It seems like the word metrosexual has been around forever–or at least since 2002, when a Salon.com article suggested we “Meet the Metrosexual.” Metro-man hating ensued (though we don’t understand that development, considering David Beckham was the metrosexual poster boy, and uh, I’m pretty sure he’s married to a Spice Girl and was the sexiest soccer player of his time), male cosmetics lines launched, and the word became passé. Men, at least in the U.S., are comfortable with grooming products. We’ve dragged many a male companion to Kiehl’s for their Pineapple Papaya Facial Scrub and lip balm that “doesn’t look gay,” or gently directed our brothers toward Jack Black products.
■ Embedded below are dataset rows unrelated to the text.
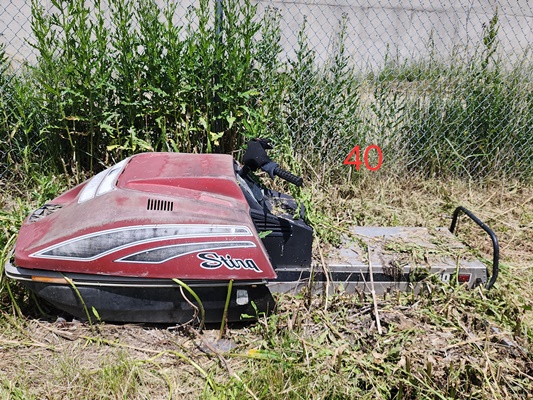 Sting Snowmobile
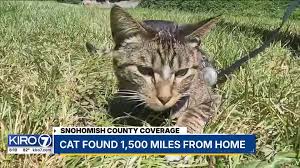 Image result for cat found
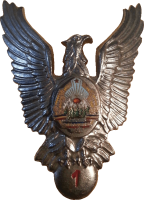 Знак Pilot 1st class Знак Pilot 1st class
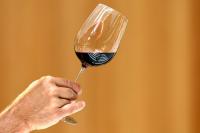 France faces worst wine harvest in 30 years after severe heatwaves and drought
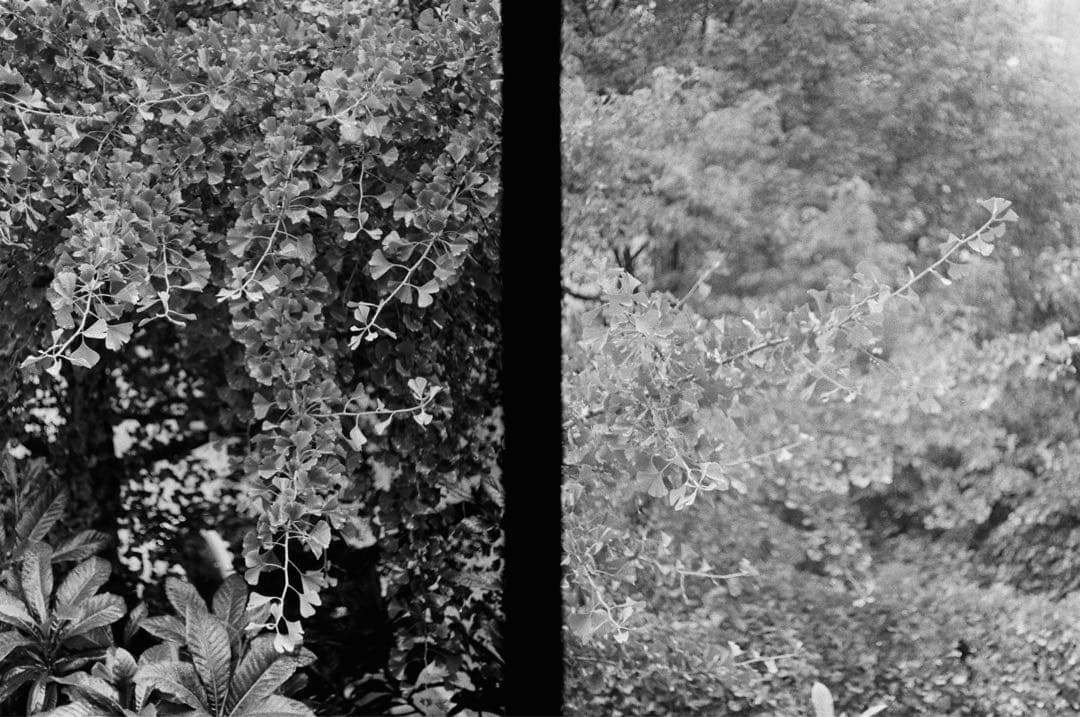 Olympus Pen-F フィルム一眼レフカメラ（38mmレンズ付き）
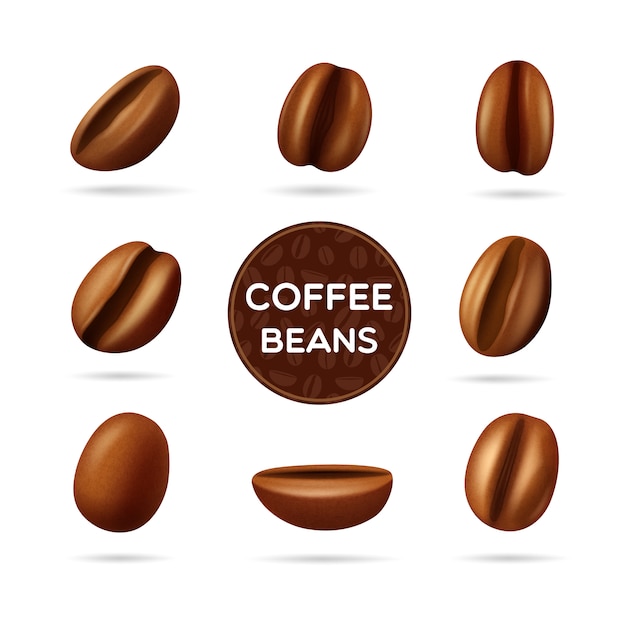 Dark roasted coffee beans set in different positions and round label 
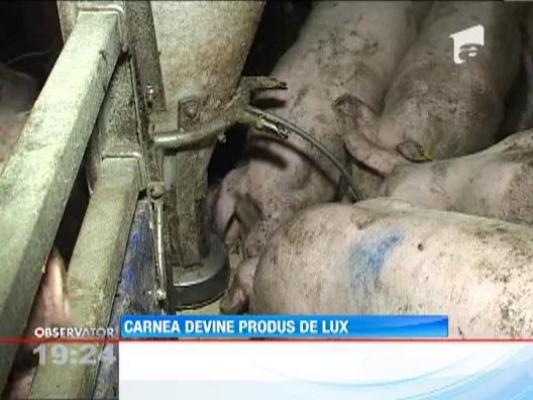 Producatorii anunta scumpiri la carnea de porc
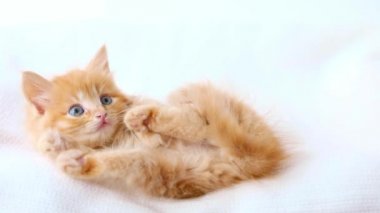 orange kitten lies on a light background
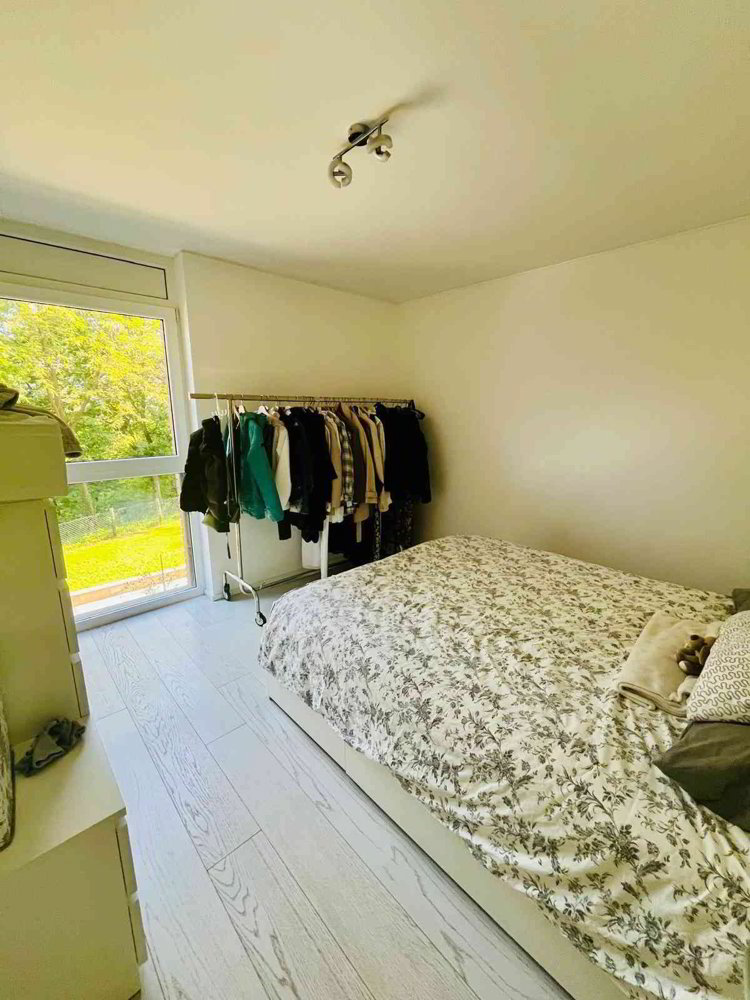 Appartement 2 pièces à louer à Cadro - image 1/11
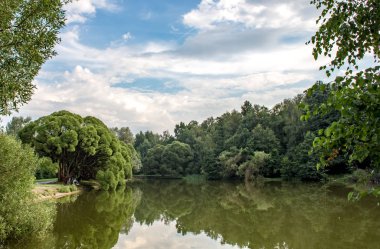 Yaz gölet Izmaylovsky parkta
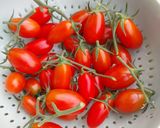 Foto langkah ke 3 dari resep Salad simple hasil panen kebun sendiri.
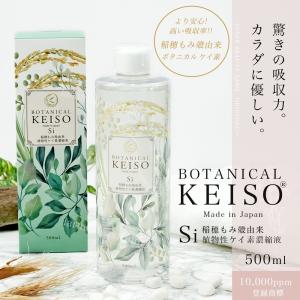 ボタニカルケイソ 500ml 高濃度10000ppm 濃縮溶液 植物性シリカ シリカ水 シリカ ケイ素 水溶性 効果 サプリ サプメント 珪素 ボタニカルケイ素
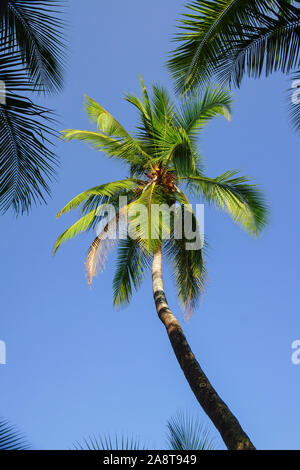 Low angle view of palm tres with clear blue sky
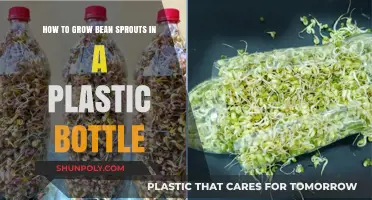 Easy DIY: Growing Bean Sprouts in a Plastic Bottle at Home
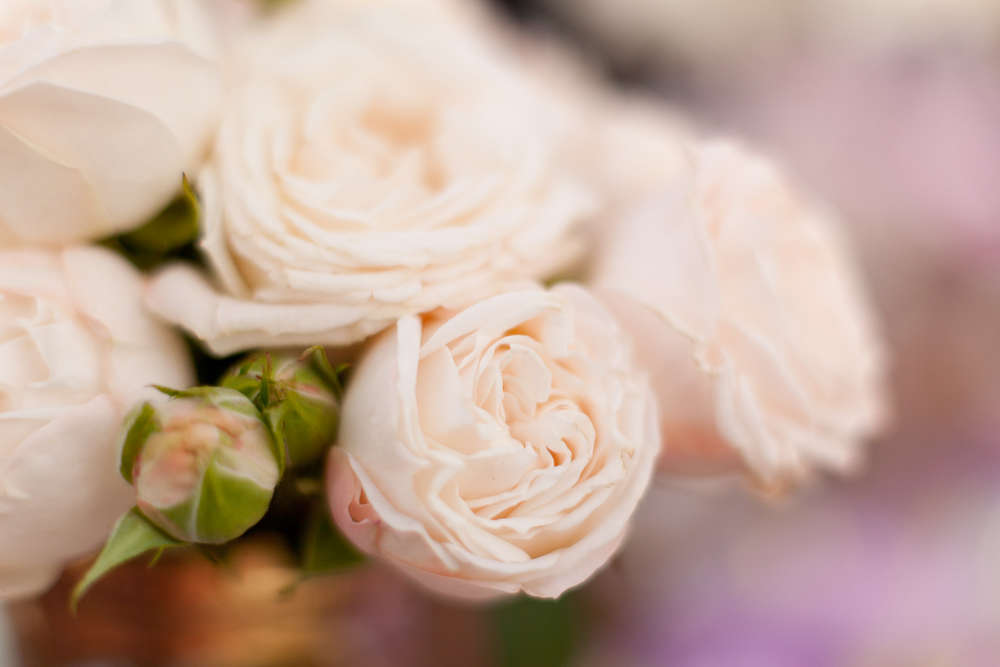 Karsten Socher Fotografie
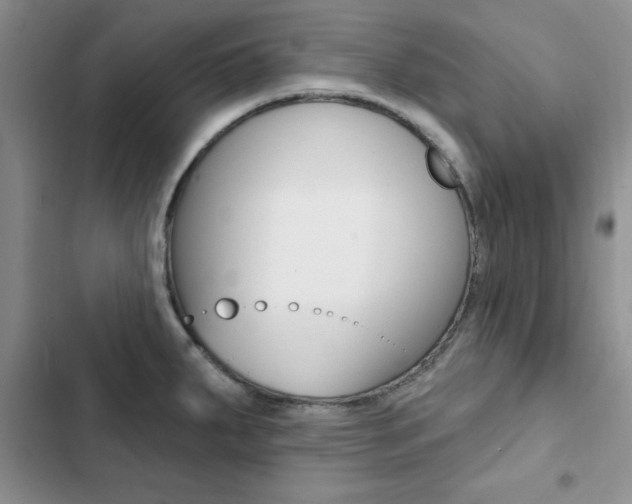 X0000102831287200808181040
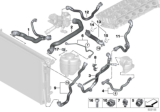 Diagram for BMW M340i Cooling Hose - 17128654855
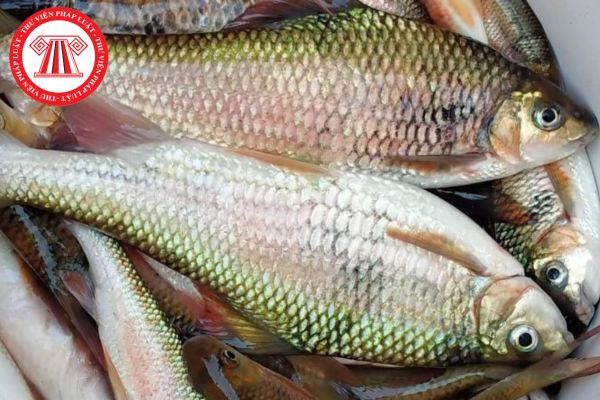 Chủ cơ sở nuôi trồng thủy sản có phải tiêu hủy cá đang mắc bệnh?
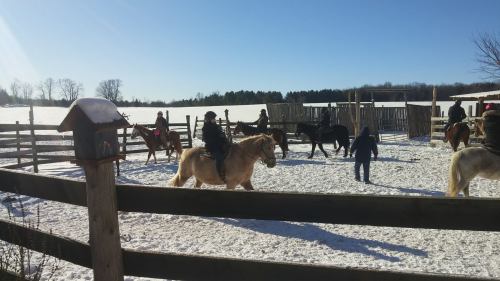 A snowy scene with people riding horses in a fenced area, surrounded by trees and a clear blue sky.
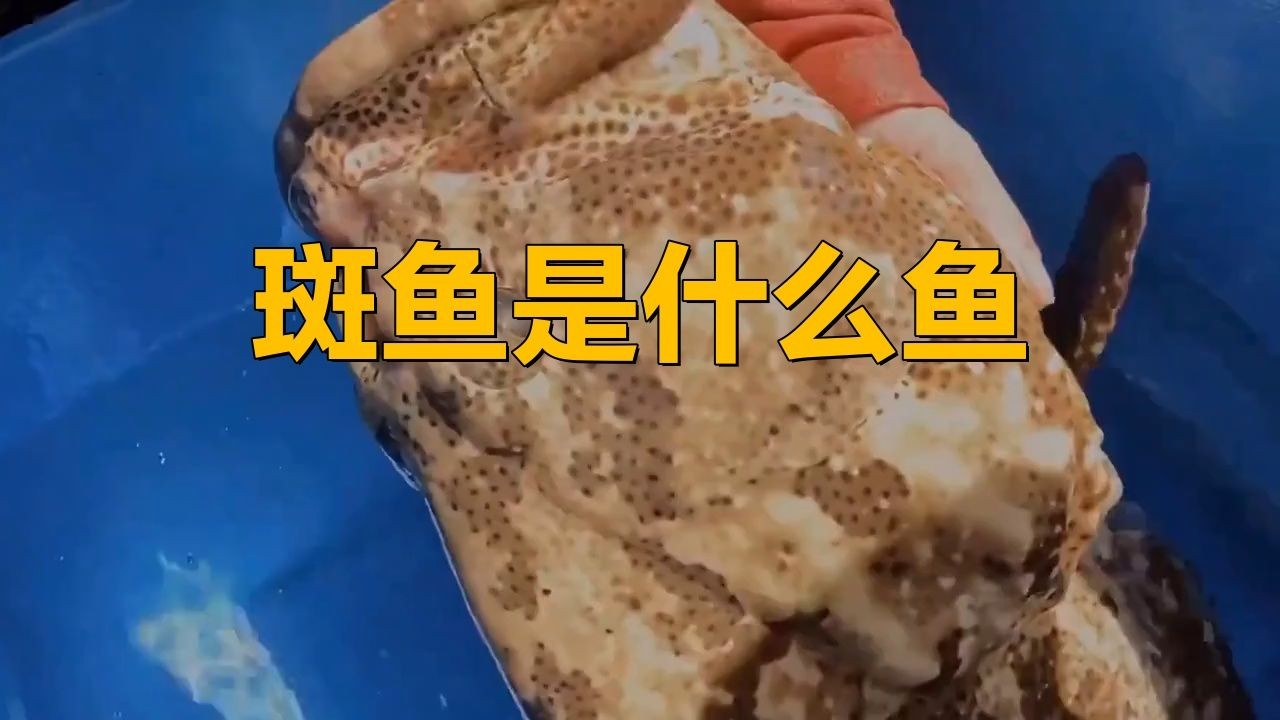 干炸小斑魚是什么魚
And while most Western men don’t attempt makeup–that’s taking it a little far unless he’s appearing on television– we’ve always had a soft spot for dudes who are unafraid to rock eyeliner (ahem…Jack Sparrow?).
Our male counterparts in the Far East, however, while stereotypically ahead of us stylistically and technologically (two things: asymmetrical haircuts and mobile devices), are just getting hip to the fact that men might benefit from paying attention to their pores– and their body odor. Sales of grooming products for men are surging in Korea, thanks in no small part to two actors many Korean men wish to emulate.
The Chosun Ilbo reported in February that sales of male grooming products at Lotte Department Store in Korea increased 26 percent in 2008, despite the recession. And yesterday the Korea Times reported that more than 80% of Korean men surveyed by cosmetics company Iope think looking extra-presentable improves their “performance” so they’ll get ahead (presumably in work, but we’re saying in life).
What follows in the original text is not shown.